Secondly, the big vocabulary rather than rendering the song cute makes it sound smarmy & smart arse. There are a million things wrong with using the word 'pataphysical' but the biggest is that it screams “Hi! I'm Paul McCartney and I know big words that you don't understand.”
Third there is no warmth or involvement. Lots of people like When I'm Sixty Four. It's 'our' song. I (the singer) am singing to you (the listener). I'm singing about our relationship. It's also very cleverly a young person's song about being old (now there's a brilliant way to draw everyone in). Maxwell is a song about a person we care nothing about sung by a narrator we know nothing about.
But the fourth and fatal nail in the coffin (would you like your metaphors shaken or stirred?) is it's a joke song that's not funny. It's a cheeky 20's style comedy song. But it has no jokes. At least When I'm Sixty Four raises a few wry smiles “Will you still need me? Will you still feed me?” and the ridiculously named grandchildren. Where's the laughs here?
I'm finding out quite a few Beatles songs have lousy lyrics carried on the wings of beautiful melodies. Why doesn't Maxwell flutter heavenwards? No surprise. The tune is a turkey.
Try it yourself. Write a new set of lyrics. It's possible you'll come up with a better song. But unlikely you'll come up with a great one.

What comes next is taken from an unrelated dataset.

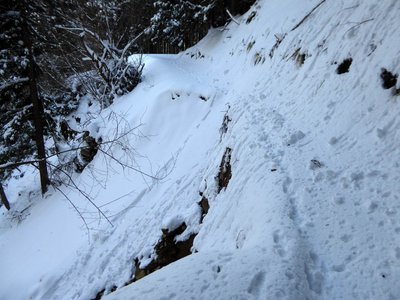 崩落箇所－ここはそのまま通過できないので高巻き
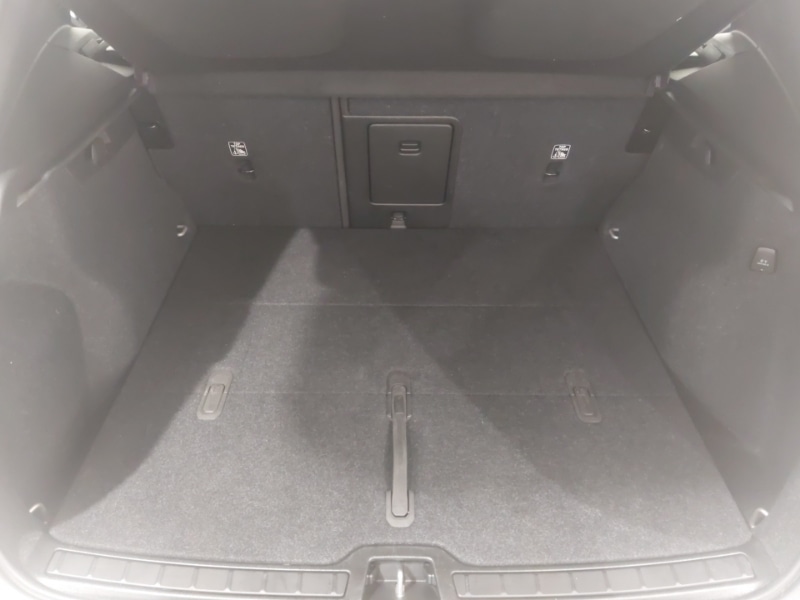 Used Volvo XC40 2023 for sale - 76885349: Photo 8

Put simply the solid repetition and shuffle rhythm make the tune predictable, while at the same time the combination of wide jumps and chromatic passages make the tune ugly.
So to sum up - structure and rhymes overrule logic and sense, and we have smarmy, patronising, cold, unfunny lyrics set to a predictable and ugly tune.
What's not to like?
There's a C natural in the melody on “PataphysiCAL” that's neither in the key OR the chord. Clever. There's no intro (Ticket 2) and a single D chord to end (on the third beat) (Ticket 18). Both examples of economy. But I gotta confess I'm scratching around here.
There are two more posts to come. I couldn't sleep at night if I didn't banish Maxwell to the Lyrical Hall of Shame. And I want to look at why Macca thrashed this turkey to death and how you too can know when you're flogging a dead...erm...turkey.
Excuse me now, there's a strangely metallic knock at the door...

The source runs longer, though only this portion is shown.